# Bird houses: finishes to use/avoid?



## Chaincarver Steve (Jul 30, 2011)

Hey guys, I received a phone call from a lady wanting 4-5 different custom made bird houses for her yard. She's supposed to be emailing me so we can work out more details. But I was wondering: are there any specific finishes that are better suited for bird houses than others. Perhaps even more importantly, are there any types of finishes one should AVOID using on bird houses (perhaps because they may pose a danger to birds)?

Thanks for any feedback.


----------



## patrick2165 (Oct 25, 2012)

I always use cedar to build my birdhouses and if I can, I prefer to keep them all natural. If I have a client that insists on painting them, I try to push them towards choosing lighter colours so the houses don't turn into solar ovens. As far a type of paint, just an exterior paint. I avoid getting paint on the inside of the hole/house by filling it with newspaper while painting. 

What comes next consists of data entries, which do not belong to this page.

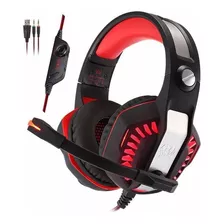 Audifono Gamer Kotion G-2000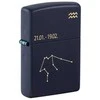 Zippo Zippo 48826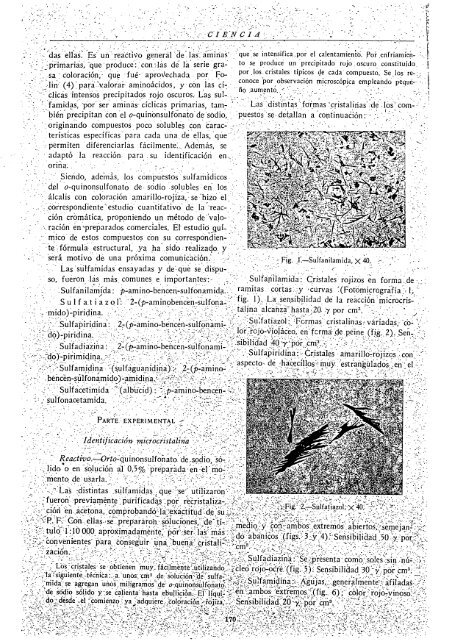 NÃºmero 6-8 - Instituto de Historia de la Medicina y de la Ciencia ...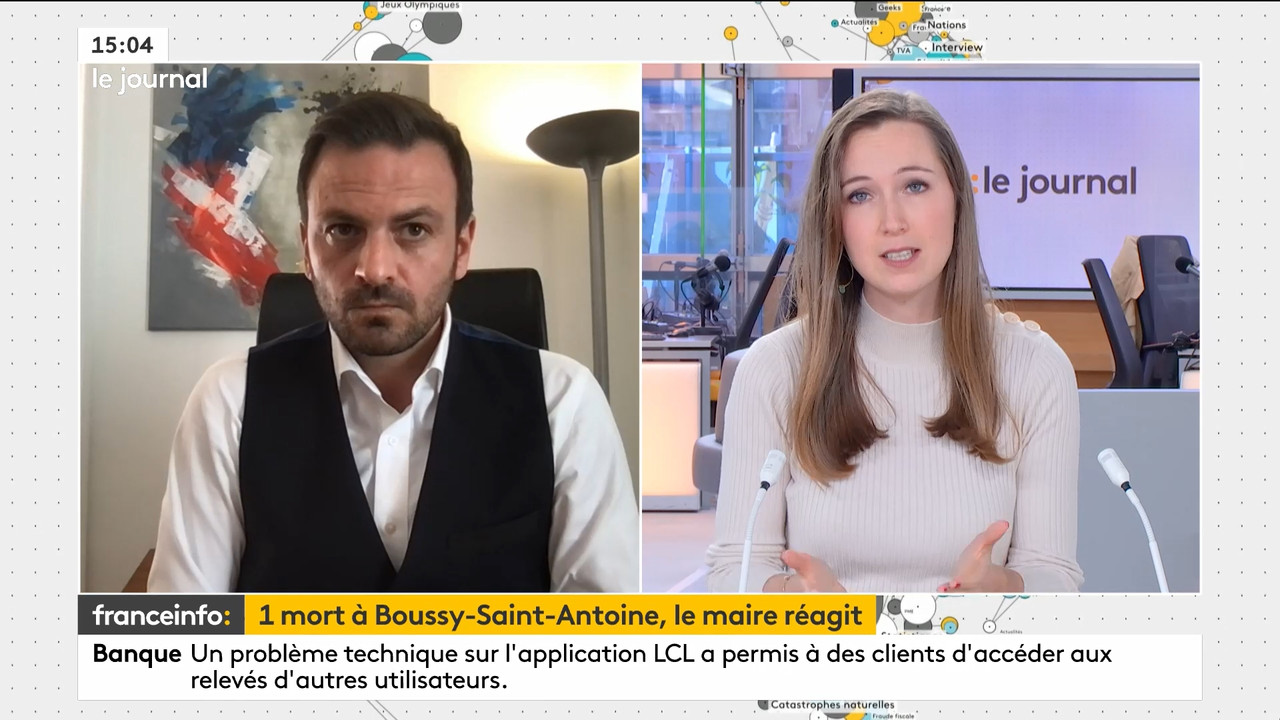 02.24 - 08.28.00 - franceinfo  et tout est plus clair..ts_snapshot_01.05.02.692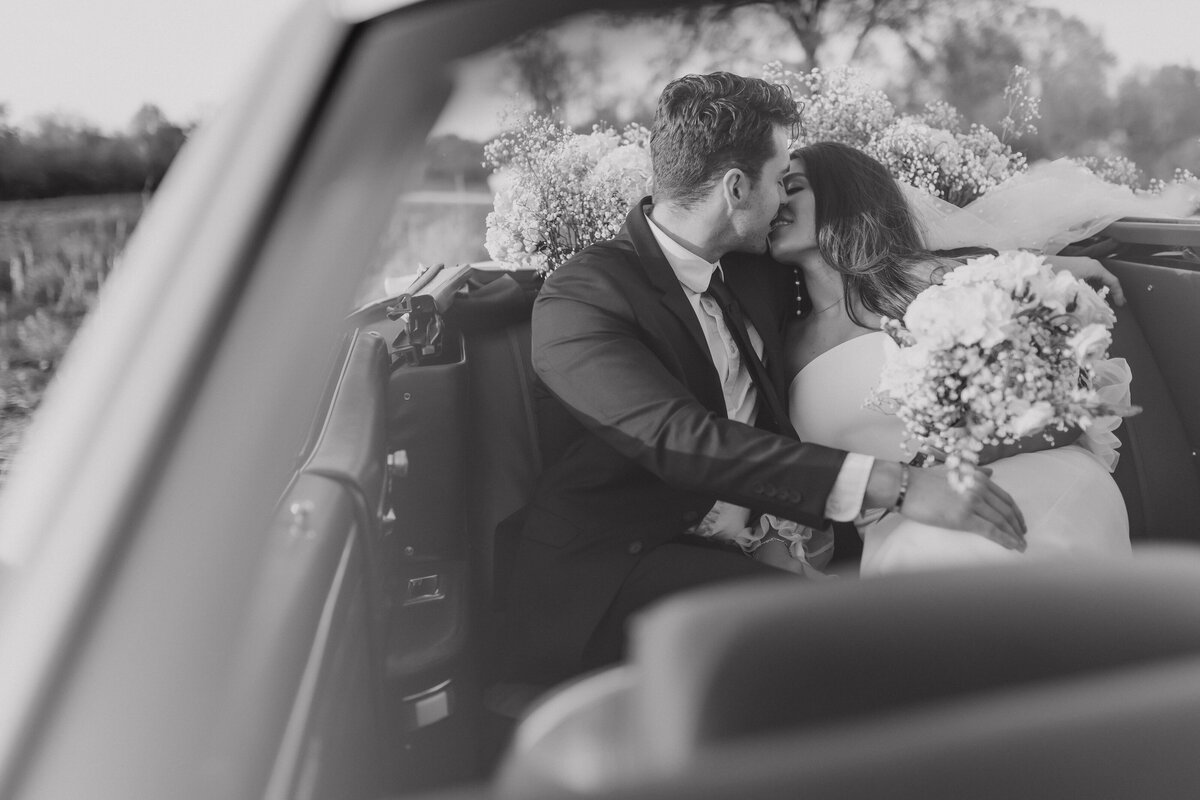 stlstyledshoot-17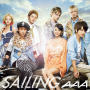 AAA「SAILING」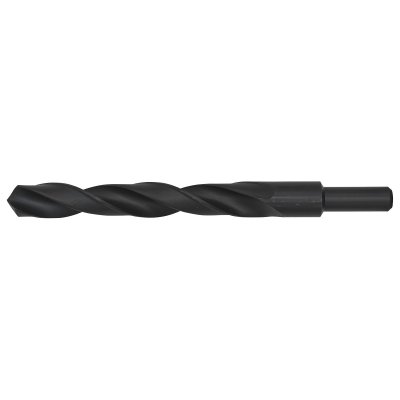 Sealey Blacksmith Drill Bit 18.5 x 200mm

I also find adding these hole protectors adds a nice touch to the house as well.

http://www.leevalley.com/en/wood/page.aspx?p=67399&cat=1,250,43298

Or there is this one.

http://www.leevalley.com/en/garden/page.aspx?p=70746&cat=2,10719,67513

Sorry ... got a little off topic. 

Btw ... always have low vacancy rates in my units!


----------



## Chaincarver Steve (Jul 30, 2011)

Thank you, Patrick. That's some great information. I was already thinking of using cedar. But good call on lighter colored paint (if any at all). And that's interesting about armouring the hole.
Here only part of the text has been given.